Your objective
Please copy, exactly as they appear below, the lines from the one containing "Air Jordan 1 Mid — Light British Tan/Chalk" through the one containing "slim fit dress".

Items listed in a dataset
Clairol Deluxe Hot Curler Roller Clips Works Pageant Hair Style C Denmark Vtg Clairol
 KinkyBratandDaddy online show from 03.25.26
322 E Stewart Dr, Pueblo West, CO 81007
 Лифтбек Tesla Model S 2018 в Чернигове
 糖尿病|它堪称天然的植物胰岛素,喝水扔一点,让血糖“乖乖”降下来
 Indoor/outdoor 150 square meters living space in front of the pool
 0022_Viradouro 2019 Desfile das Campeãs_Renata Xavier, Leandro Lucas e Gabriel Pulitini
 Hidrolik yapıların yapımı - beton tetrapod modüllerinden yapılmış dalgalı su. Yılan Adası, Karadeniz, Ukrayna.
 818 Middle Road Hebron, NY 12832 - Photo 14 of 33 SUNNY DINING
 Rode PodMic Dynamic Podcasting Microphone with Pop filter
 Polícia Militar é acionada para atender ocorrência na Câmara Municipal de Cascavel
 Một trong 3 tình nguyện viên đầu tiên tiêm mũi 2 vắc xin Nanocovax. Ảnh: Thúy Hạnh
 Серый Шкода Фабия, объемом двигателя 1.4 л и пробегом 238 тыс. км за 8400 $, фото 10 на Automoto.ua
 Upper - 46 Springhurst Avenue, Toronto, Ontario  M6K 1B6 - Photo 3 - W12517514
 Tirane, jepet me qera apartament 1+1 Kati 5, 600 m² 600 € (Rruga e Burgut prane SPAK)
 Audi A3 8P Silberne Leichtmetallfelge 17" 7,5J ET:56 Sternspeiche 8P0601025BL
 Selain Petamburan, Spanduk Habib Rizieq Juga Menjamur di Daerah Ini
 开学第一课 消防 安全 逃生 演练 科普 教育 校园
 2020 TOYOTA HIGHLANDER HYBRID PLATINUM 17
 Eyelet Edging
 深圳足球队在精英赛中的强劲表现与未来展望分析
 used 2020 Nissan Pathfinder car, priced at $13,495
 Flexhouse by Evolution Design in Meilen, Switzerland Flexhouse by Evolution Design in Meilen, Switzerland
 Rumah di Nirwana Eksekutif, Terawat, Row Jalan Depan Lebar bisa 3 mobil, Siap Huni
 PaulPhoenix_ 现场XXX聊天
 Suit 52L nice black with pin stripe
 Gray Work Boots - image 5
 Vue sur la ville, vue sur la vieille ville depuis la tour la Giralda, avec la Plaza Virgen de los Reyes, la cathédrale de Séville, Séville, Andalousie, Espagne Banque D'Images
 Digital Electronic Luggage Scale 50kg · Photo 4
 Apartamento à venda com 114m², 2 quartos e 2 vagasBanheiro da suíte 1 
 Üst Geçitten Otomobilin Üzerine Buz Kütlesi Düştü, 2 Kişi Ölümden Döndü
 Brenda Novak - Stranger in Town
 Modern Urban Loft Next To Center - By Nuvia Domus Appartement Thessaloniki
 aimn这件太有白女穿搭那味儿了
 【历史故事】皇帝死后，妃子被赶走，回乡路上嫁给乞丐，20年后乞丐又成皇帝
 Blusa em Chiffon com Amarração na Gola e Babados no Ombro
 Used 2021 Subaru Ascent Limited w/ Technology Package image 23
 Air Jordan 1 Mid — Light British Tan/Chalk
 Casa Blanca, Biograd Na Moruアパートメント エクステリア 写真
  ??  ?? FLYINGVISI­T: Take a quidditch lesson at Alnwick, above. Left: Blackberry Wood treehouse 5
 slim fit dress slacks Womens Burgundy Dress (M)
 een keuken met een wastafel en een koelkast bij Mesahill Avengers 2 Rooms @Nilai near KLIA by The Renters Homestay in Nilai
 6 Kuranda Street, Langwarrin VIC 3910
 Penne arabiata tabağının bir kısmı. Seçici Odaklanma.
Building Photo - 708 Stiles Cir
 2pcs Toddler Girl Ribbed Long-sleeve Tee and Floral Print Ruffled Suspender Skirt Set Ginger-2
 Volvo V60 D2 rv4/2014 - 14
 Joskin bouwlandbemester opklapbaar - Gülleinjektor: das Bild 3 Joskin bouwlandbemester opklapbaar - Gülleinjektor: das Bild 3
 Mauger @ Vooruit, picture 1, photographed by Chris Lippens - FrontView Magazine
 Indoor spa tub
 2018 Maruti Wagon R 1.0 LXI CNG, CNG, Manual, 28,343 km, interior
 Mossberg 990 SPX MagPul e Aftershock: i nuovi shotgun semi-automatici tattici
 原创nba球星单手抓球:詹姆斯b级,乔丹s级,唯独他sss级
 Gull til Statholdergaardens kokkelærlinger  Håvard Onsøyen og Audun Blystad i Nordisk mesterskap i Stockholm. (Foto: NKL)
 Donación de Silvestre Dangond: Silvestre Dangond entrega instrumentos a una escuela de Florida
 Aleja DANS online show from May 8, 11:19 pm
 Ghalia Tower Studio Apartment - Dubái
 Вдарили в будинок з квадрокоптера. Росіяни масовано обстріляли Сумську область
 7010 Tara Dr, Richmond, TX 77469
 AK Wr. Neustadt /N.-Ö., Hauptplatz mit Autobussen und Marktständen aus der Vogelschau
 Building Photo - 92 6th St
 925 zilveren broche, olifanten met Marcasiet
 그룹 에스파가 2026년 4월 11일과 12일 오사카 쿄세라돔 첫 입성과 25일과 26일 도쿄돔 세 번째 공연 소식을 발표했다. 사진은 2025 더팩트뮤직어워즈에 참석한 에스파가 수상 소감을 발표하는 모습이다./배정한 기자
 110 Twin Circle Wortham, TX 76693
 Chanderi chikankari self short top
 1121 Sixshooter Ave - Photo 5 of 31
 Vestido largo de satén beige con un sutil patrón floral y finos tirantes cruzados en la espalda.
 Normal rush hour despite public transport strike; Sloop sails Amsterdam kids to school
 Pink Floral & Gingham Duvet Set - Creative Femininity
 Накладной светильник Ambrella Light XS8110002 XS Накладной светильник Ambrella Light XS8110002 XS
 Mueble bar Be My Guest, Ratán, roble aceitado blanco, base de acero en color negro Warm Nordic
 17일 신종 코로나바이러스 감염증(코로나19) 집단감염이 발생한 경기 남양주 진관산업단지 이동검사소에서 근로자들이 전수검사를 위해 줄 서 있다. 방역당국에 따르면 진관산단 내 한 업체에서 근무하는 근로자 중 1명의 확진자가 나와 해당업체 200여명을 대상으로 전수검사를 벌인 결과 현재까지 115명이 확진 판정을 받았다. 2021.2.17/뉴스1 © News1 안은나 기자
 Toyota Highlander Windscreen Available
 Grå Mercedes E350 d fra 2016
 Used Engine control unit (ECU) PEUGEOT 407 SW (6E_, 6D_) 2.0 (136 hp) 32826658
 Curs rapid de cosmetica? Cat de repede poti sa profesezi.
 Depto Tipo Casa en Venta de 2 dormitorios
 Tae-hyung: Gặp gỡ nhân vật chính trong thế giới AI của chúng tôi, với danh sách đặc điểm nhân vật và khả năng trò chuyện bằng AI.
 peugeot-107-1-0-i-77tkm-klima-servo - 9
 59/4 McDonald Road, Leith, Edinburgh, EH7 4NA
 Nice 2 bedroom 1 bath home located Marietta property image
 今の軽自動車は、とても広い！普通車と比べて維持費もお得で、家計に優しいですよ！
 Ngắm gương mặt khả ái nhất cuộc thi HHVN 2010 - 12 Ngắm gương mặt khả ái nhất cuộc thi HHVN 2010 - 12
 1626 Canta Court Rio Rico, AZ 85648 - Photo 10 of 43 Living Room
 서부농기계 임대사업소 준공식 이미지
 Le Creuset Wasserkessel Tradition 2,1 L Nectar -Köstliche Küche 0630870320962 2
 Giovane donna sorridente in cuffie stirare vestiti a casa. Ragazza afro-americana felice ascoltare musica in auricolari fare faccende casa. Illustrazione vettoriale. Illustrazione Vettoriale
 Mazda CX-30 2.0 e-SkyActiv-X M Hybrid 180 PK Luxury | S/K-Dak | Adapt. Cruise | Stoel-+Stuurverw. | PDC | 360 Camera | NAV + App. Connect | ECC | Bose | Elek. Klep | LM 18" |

Exercise response
 Air Jordan 1 Mid — Light British Tan/Chalk
 Casa Blanca, Biograd Na Moruアパートメント エクステリア 写真
  ??  ?? FLYINGVISI­T: Take a quidditch lesson at Alnwick, above. Left: Blackberry Wood treehouse 5
 slim fit dress slacks Womens Burgundy Dress (M)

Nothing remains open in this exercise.